小さな派遣会社を利用したら、スタッフの甘言に泣きを見た。大きな派遣会社だったけれど、同様にスタッフの甘言に泣きを見た。後で知ったが、評判が悪い所だった。などというケースも多くみられます。スタッフの質を見抜くのは簡単ではありません。
- 強引な引き抜きがある(他社の悪口を吹き込み、自分の担当の会社を無理やり進める)
- 給与の点であいまいに良いことを言う(実績のない昇給の話など)
- 不安をあおる事で自分のすすめる会社に就業させようとする (こんないい条件の会社はもうないですよ。年齢から考えて、これ以上の条件は無いですよ…など。)

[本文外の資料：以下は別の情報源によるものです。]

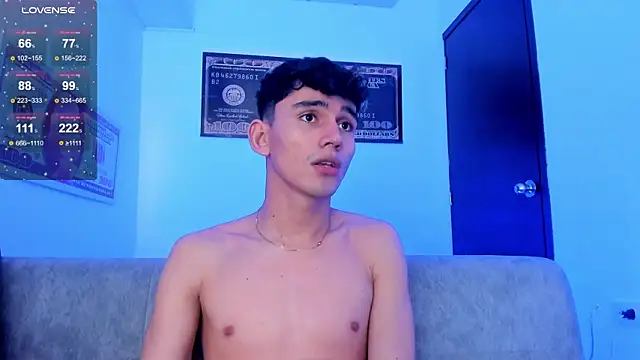 EstebanPerez  online show from 01/09/25, 06:04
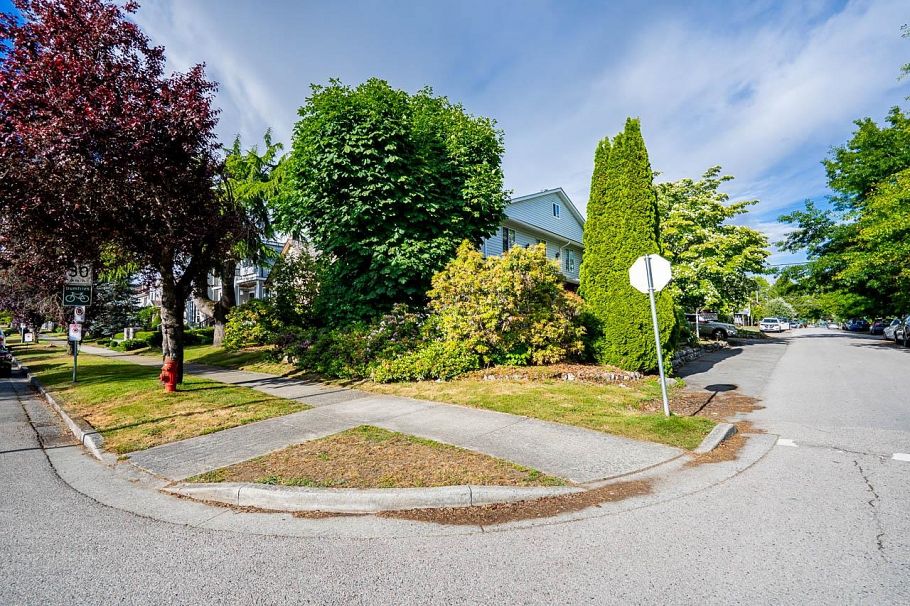 1525 E 51st Avenue Vancouver, BC - 15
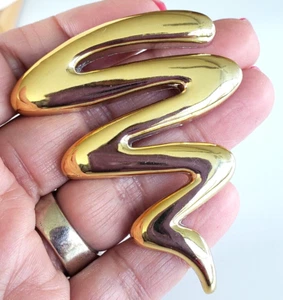 Vintage ZickZack Swirl Squiggle goldfarben Kunststoff Pin 2,75" Blitz - Bild 1 von 3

こういった言動がある会社は絶対にかかわらないようにしましょう。民間の派遣会社は当然ながら営利企業。人材をあっせんすることで企業家からインセンティブをもらっています。また、実績を上げる事で社内の評価が上がるという面も。
そのためスタッフ教育のできていない会社ほど、強引な引き抜きをするものです。しかし自分の利益目当てに強引に勧められた会社が、いい会社だとは限りません。(というよりも強引に進めないと人が入りたがらない会社だともいえるのです。)
人材派遣会社は、いろいろと代行してくれて便利ではあります。
しかし、担当スタッフが信頼できる人物かをしっかりと見極めてください。あまりしつこく勧誘してくるようでしたらきっぱりと断る勇気を。
面接時の持ち物
常識的に考えて、書類を入れる鞄、ハンカチ、財布などでしょう。しかし気を付けたいのが、雨天の時。例えば、仕事の打ち合わせでクライアントと顔を合わせるとします。雨でびしょぬれになった人と、外は雨でも小ぎれいな恰好をした人。どちらと仕事をしたいと思うでしょうか?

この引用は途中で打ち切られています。